Do not fall in love with people like me.
We will take you to
museums, [strike]and[/strike] parks,
[strike]and[/strike]monuments,
[strike]and[/strike] kiss you in every beautiful
place so [strike]that[/strike] you can
never go back [strike]to them[/strike]
without tasting us
like blood in your mouth.

I like the concept of this poem. I like the last line, especially, because it shows how acts of affection in public are often actually passive-aggressive attempts at controlling your partner.

I do have a problem with all the extra words. If you like them, I suggest you keep them.

I just think concision and preciseness could do wonders for this poem, because to do this to a person is a very precise, plotted thing, whether the perpetrator knows it, or not.

I absolutely love the first line. I wouldn't change it for the world. It's got a great, great rhythm. I instantly fell in love with it.

I do think that 'we' is making too large a group of people, as is 'us'. I might, if this were my poem, change it to, 'who will,' and add another, 'who will,' because slight repetition is like a hammer pounding against the head of a nail, driving into a piece of wood you're trying to hold against another piece of wood.

You could also, if you wanted, apply some rhythm to your freeform

Now, you can make it more concise. Instead of using a simile, try a metaphor. This way, the kiss is not like a punch, but it _is_ a punch.

This leaves us with...

"Do not fall in love 
with people like me,
who will take you to 
museums, parks, monuments, 
who will kiss you in 
every beautiful place, so you 
can't go back without tasting
blood in your mouth."


----------



## Squalid Glass (May 12, 2013)

TBK is spot on. The poem needs more precision. Once that is accomplished, this will be very strong.


----------



## Blade (May 14, 2013)

I would go with the TBK revision as well, it is precise and compact and carries the point exactly.

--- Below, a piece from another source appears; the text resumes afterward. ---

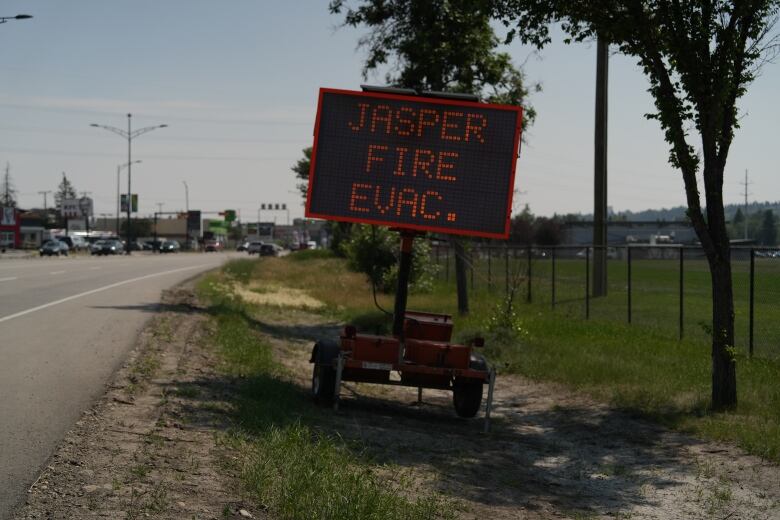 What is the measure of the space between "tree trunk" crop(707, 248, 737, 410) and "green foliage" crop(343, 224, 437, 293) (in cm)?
2099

I quite like the theme, there really are places and objects which become imprinted by your own personal experiences and memories. I find that smells are like that as well, certain aromas take me back automatically to some earlier time and place.

Good work.


----------



## sore (May 14, 2013)

thank you everyone! I will do the revision as soon as I have time!


----------



## vintagevampiregeek (May 15, 2013)

Beautiful little piece  The first and last lines are amazing!


----------



## allhailchief (May 15, 2013)

This is great! Reminds me of this sushi restaurant I never go to because it was the favorite restaurant of my ex-lover and me.


----------



## Zac Brown (May 16, 2013)

Short, sweet, and staggering.


----------



## calebmacias (May 16, 2013)

Purdy good.


----------



## TBK (Jul 21, 2016)

oh, jesus.

i'm reading this, again, and now it'll be stuck in my head for days, like sylvia plath's mad girl's love song.


----------



## kaminoshiyo (Jul 22, 2016)

sore said:


> Do not fall in love with people like me.



More prose than poetry, but the thought was pretty nice. 

Good title too.


----------



## Scizologic (Jul 22, 2016)

There is a problem with "them".


----------